When Kilmer arrives at the realistically makeshift, no-frills command center set up in the bowels of the football stadium on her college campus, half a dozen juicy, possibly conspiratorial leads are already being followed, based on information about a fight with her boyfriend, a missing professor she slept with, a nightclub that may be connected to a sex slave ring, calls made from a federal prison to a phone booth near her dorm, and a Secret Service minder who abandoned his post -- and kills himself before anyone can get a straight answer out of him.
All that, and Mamet is just getting warmed up. Cover-ups, decoys and political motivations confound the investigation, and seemingly major characters get killed without warning -- and with the clock ticking, Kilmer begins taking risks and making educated guesses hoping to get a step ahead of whoever is responsible for the girl's vanishing act.
"Spartan" has a disquieting sense of black-ops authenticity. Kilmer will do anything -- legal, illegal, moral, immoral -- to save the girl. There are no Boy Scout heroes here and writer-director Mamet makes no apologies for it. The mission gets messy, some game plans go hideously wrong, trickles of new information send the Secret Service in unexpected directions, and one bombshell halts the investigation in its tracks.

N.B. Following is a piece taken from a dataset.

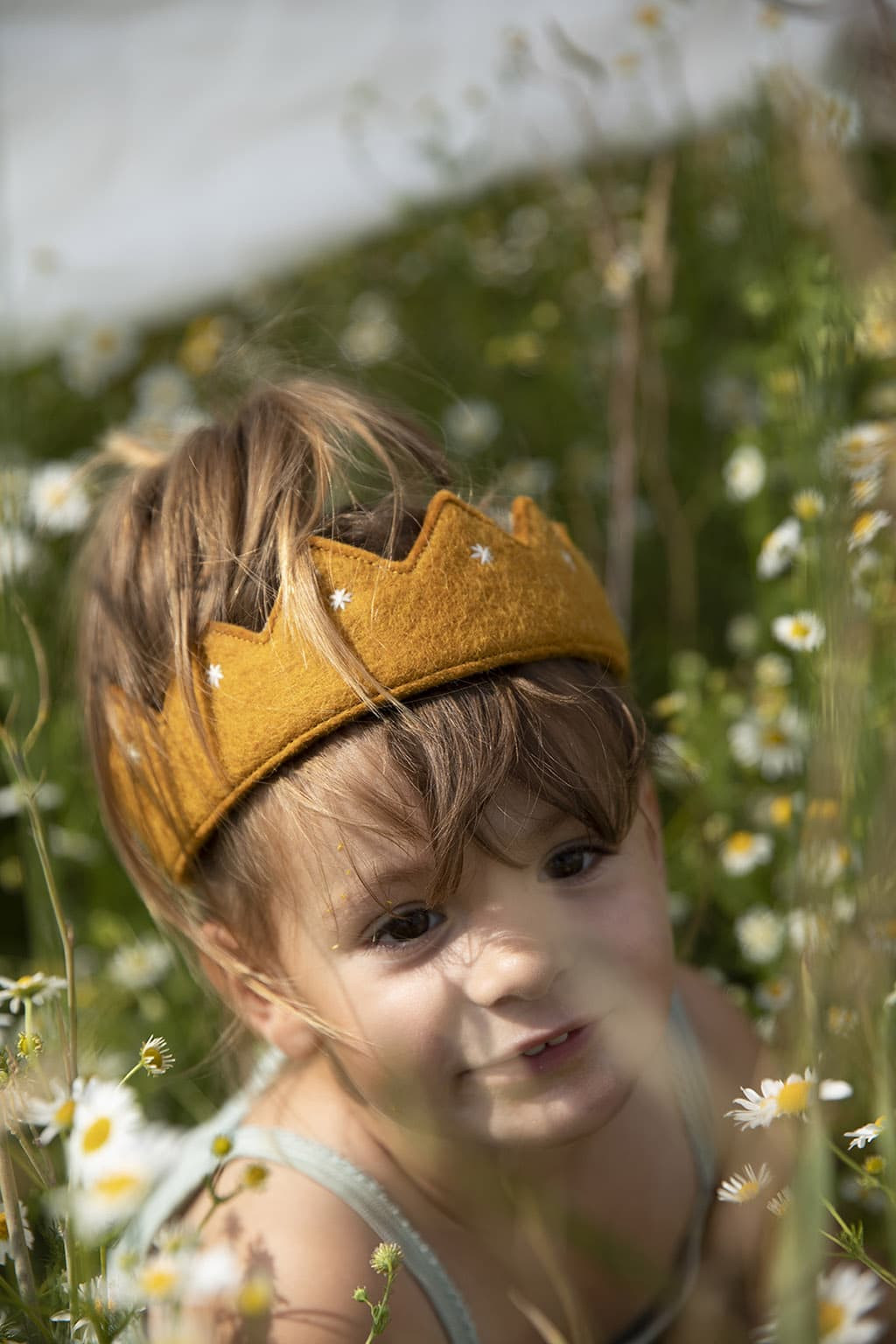 KUMARI CROWN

But then Kilmer's protégé -- a indomitable Army Ranger played with youthful pluck by Derek Luke ("Antwone Fisher") -- uncovers a double-cross that leads the two men to disobey orders and launch a rogue international rescue operation fueled by personal integrity that depends on outsiders and backfires in ominous ways.
At it's heart, "Spartan" is a popcorn-conventional conspiracy seat-gripper, but Mamet's intellectual fingerprints (if not his trademark clipped dialogue patterns) are all over the film as he drops you deep into the fray, providing character detail only on a need-to-know basis. Kilmer's character is clearly a venerated agent, but you never really know how high he ranks in whatever branch of the service he works for. William H. Macy and Ed O'Neill give unnerving supporting performances as powerful higher-ups -- from the CIA and White House, it's implied.
The film is so intriguingly nebulous, in fact, that no one ever even utters the words "first daughter" or "president." In the espionage underworld much is inferred but never spoken, and being kept in the dark in many ways heightens the pins-and-needles tension to subtle yet significant degrees.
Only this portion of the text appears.